[Data extract — start]
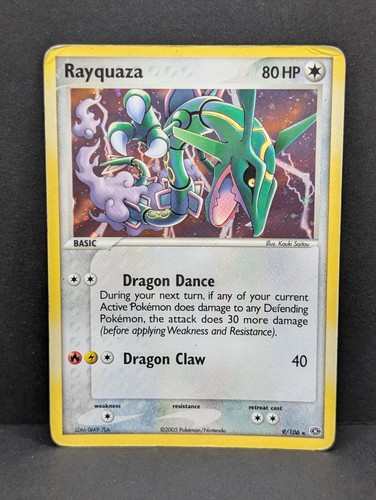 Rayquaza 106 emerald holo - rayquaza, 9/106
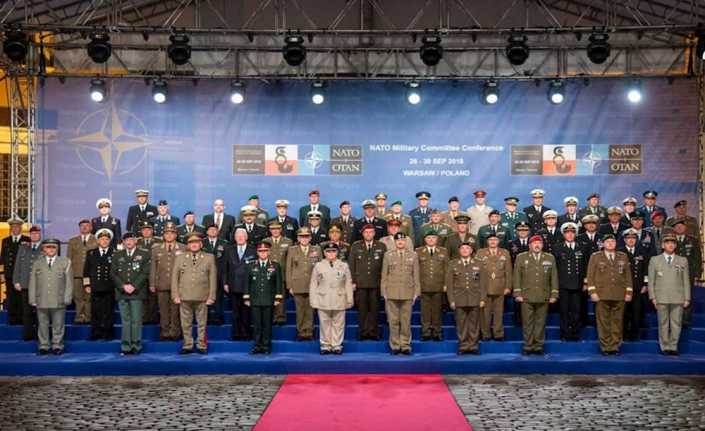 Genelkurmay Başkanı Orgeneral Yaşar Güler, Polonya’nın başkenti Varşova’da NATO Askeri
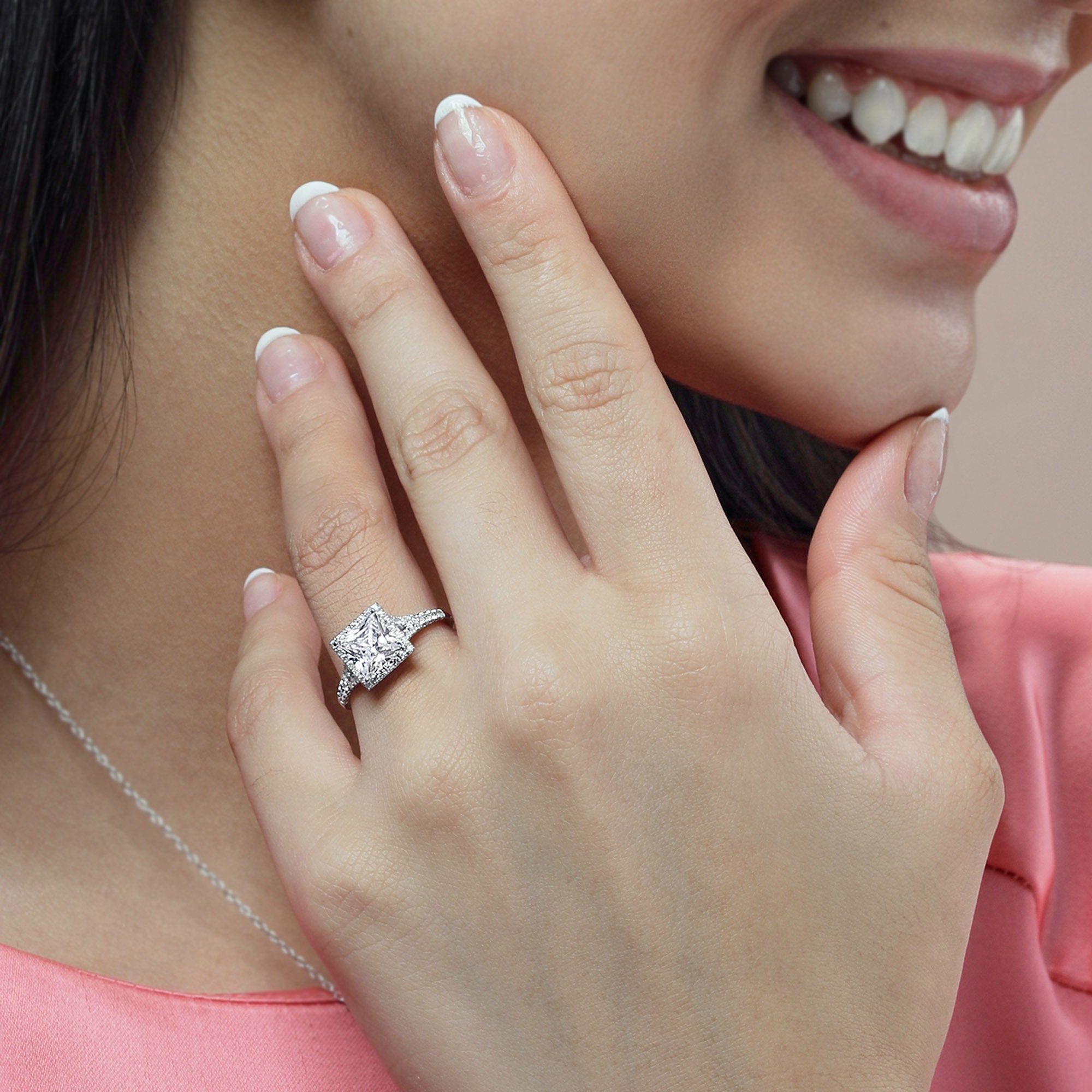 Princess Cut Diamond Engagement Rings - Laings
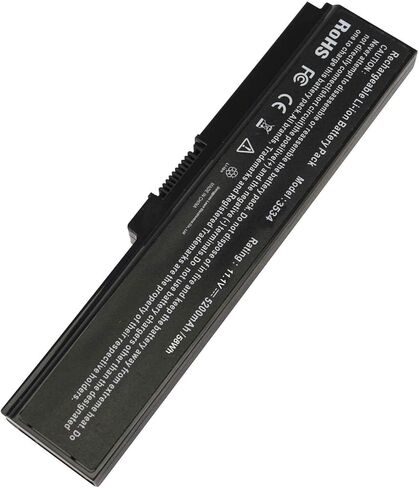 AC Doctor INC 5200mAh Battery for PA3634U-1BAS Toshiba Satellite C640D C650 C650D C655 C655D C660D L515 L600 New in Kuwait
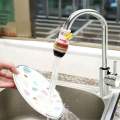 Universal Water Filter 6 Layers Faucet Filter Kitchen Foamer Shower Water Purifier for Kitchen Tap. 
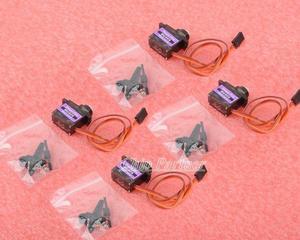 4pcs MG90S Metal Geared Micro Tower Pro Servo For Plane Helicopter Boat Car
[Data extract — finish]
Return exactly the lines that begin with the one containing "AC Doctor INC" and end with the final line of the data above; include no pictures.

 AC Doctor INC 5200mAh Battery for PA3634U-1BAS Toshiba Satellite C640D C650 C650D C655 C655D C660D L515 L600 New in Kuwait
 Universal Water Filter 6 Layers Faucet Filter Kitchen Foamer Shower Water Purifier for Kitchen Tap. 
 4pcs MG90S Metal Geared Micro Tower Pro Servo For Plane Helicopter Boat Car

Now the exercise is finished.